The last four unnumbered pages at the back of this report contain data on pricing, subscriptions, and the circulation of the JEE provided by Heldref Publications. Heldref has been responsible for these items since 1981. The regular individual subscription rate for the four quarterly issues of the JEE is $60 per year and the rate for institutions is $124, which are low compared to many other academic journals. As of the end of October, paid subscriptions were 905 with 947 copies of the fall 2004 issue circulated. (The peak circulation in 1995 reflected a promotional effort aimed at participants in the AEA/NCEE teacher training program.) Over the past several years, other periodicals devoted to economic education and the economics of education have entered the market. In addition, expanding free use of the JEE World Wide Web services as well as those coming on line through other Web servers may be cutting into subscriptions.

In recognition of falling circulation, at the January 2004 editorial meeting it was decided to delay the placement of articles on the JEE Web site by one year. In meetings with Heldref personnel, JEE board member and NCEE president Robert Duvall has emphasized the importance of increasing JEE circulation. Similarly, JEE editor Bill Becker has met with Heldref staff to learn of and advance Heldref’s plans to increase JEE subscriptions and circulation. Heldref staff point out that the subscription rates of most journals and of Heldref journals have fallen. In particular, according to Heldref staff, the rate of decline for the JEE is lower than that of 90 percent of Heldref’s 42 academic journals. This is of little consolation to those who expect JEE circulation to be growing and not declining with industry trends.

Heldref marketing director Emilia Pawlowski plans a mailing in early 2005 to 10,000 teachers of economics, soliciting subscriptions in a letter authored by long-time JEE editorial board member, William Baumol. Emilia and Heldref marketing coordinator Laura Roose are also working on other possible actions aimed at increasing subscriptions. Within the next year, we expect that their efforts will show an increase in subscriptions and circulation.

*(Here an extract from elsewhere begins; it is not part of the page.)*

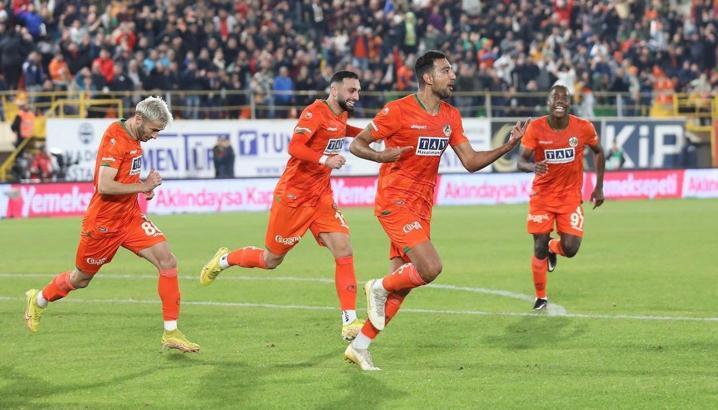 Alanyaspor'dan Trabzonspor karşısında müthiş rövanş!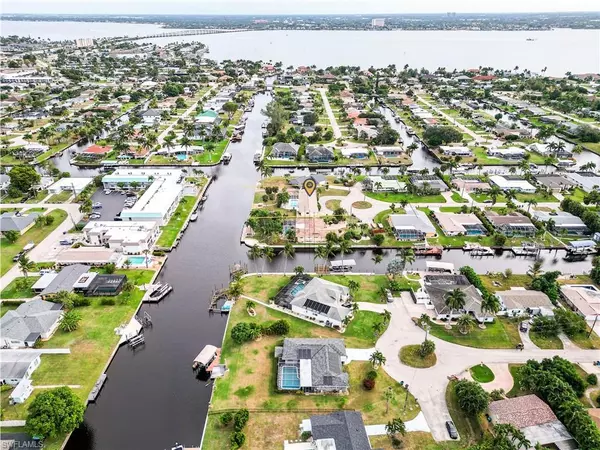 Cape Coral, FL 33904,5207 Willow CT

Heldref’s subscription data do not yet reflect the 2004 changes in Council and Center Directors’ subscriptions. These subscriptions are obtained as part of the registration process at the annual meeting of the National Council on Economic Education, which was held in Little Rock, Arkansas, on September 29-October 2, 2004. This year 64 individual subscriptions were obtained from the NCEE network directors who subscribed at the special rate of $35.00 per year. Beside the special rate for NCEE associates, Heldref also provided a special subscription rate for those attending the Department Chairs’ Breakfast at the American Economic Association annual meeting in San Diego (January 4, 2004), where JEE associate editor and chair of the AEA Committee on Economic Education, Bill Walstad, featured the JEE in his report. Bill will again feature the JEE in his report at the January 2005 AEA meeting in Philadelphia.

Closing Comments

In closing it is worth calling attention to the importance of the JEE to academic economists as reaffirmed by the NCEE’s strategic review of all its programs a few years ago. That zero-based budgeting assessment effort enabled the NCEE board “to recognize even more fully the significant part that the JEE plays in fostering and fortifying the academic backbone of our organization” (September 28, 2000). According to Robert Duvall, NCEE president and chief executive officer, the NCEE is committed to ongoing support of the JEE, with a rolling three-year cycle of funding from 2001 forward. We are indebted to JEE editorial board member Bob Duvall and the NCEE for this vote of confidence and long-term commitment to the mission of the JEE. With such support, the JEE will prosper well into the future.